• Your task: Repeat the listing exactly. Pictures stay out of your copy.

• Data:
_____

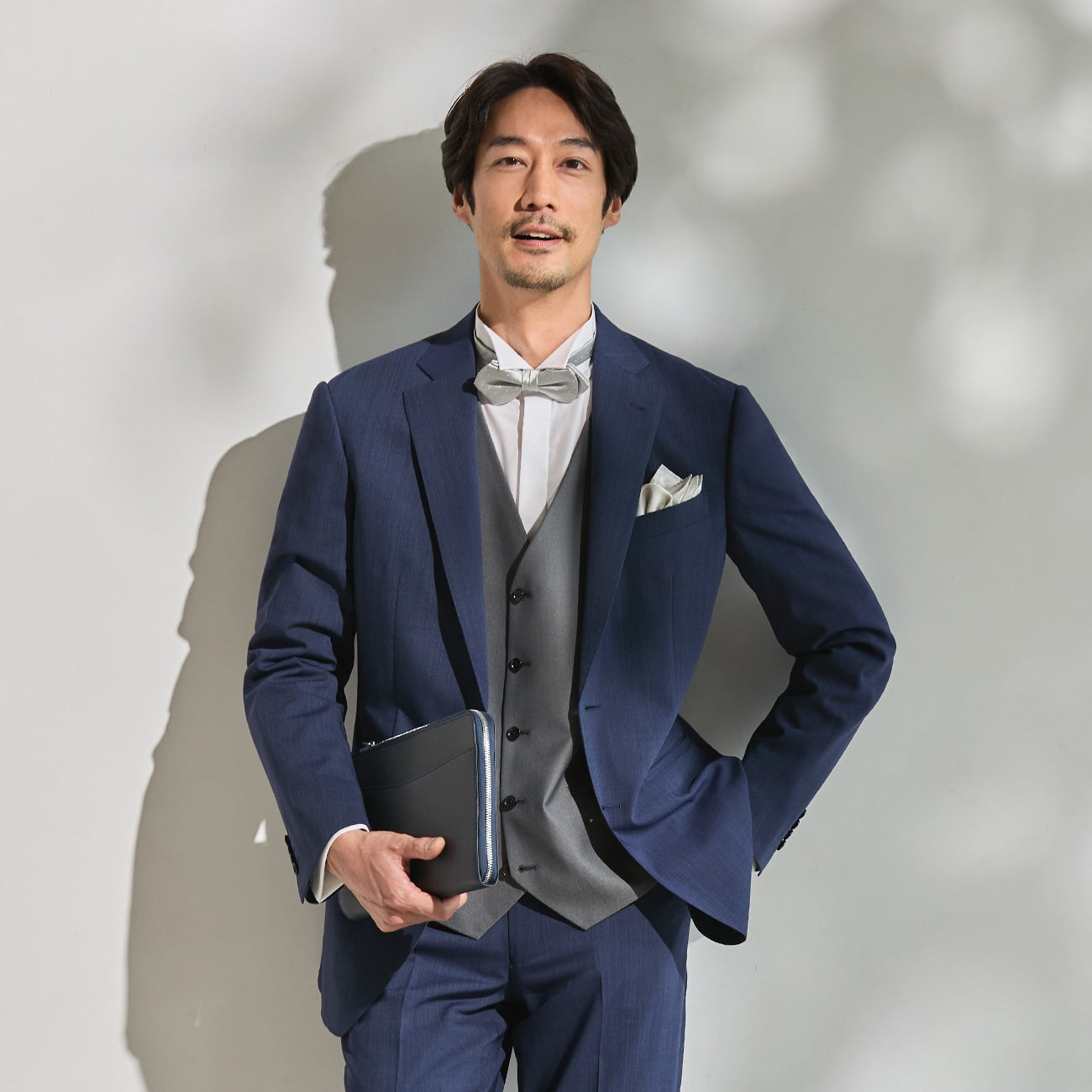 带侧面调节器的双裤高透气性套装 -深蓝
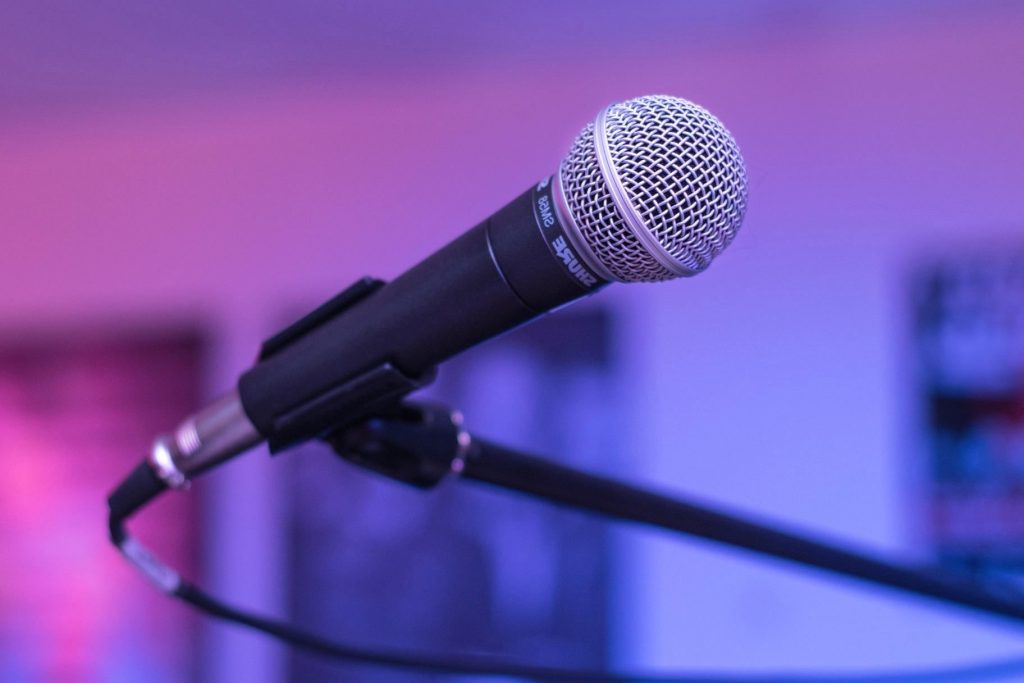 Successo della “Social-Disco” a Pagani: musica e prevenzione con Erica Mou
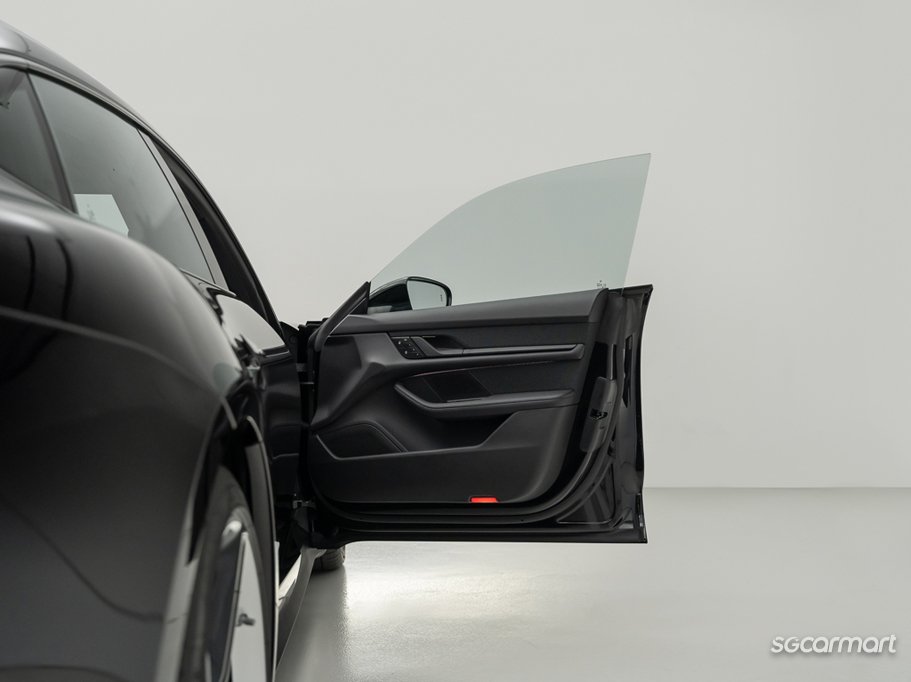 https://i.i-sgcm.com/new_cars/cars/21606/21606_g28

_____

• Solution to the problem:
 带侧面调节器的双裤高透气性套装 -深蓝
 Successo della “Social-Disco” a Pagani: musica e prevenzione con Erica Mou
 https://i.i-sgcm.com/new_cars/cars/21606/21606_g28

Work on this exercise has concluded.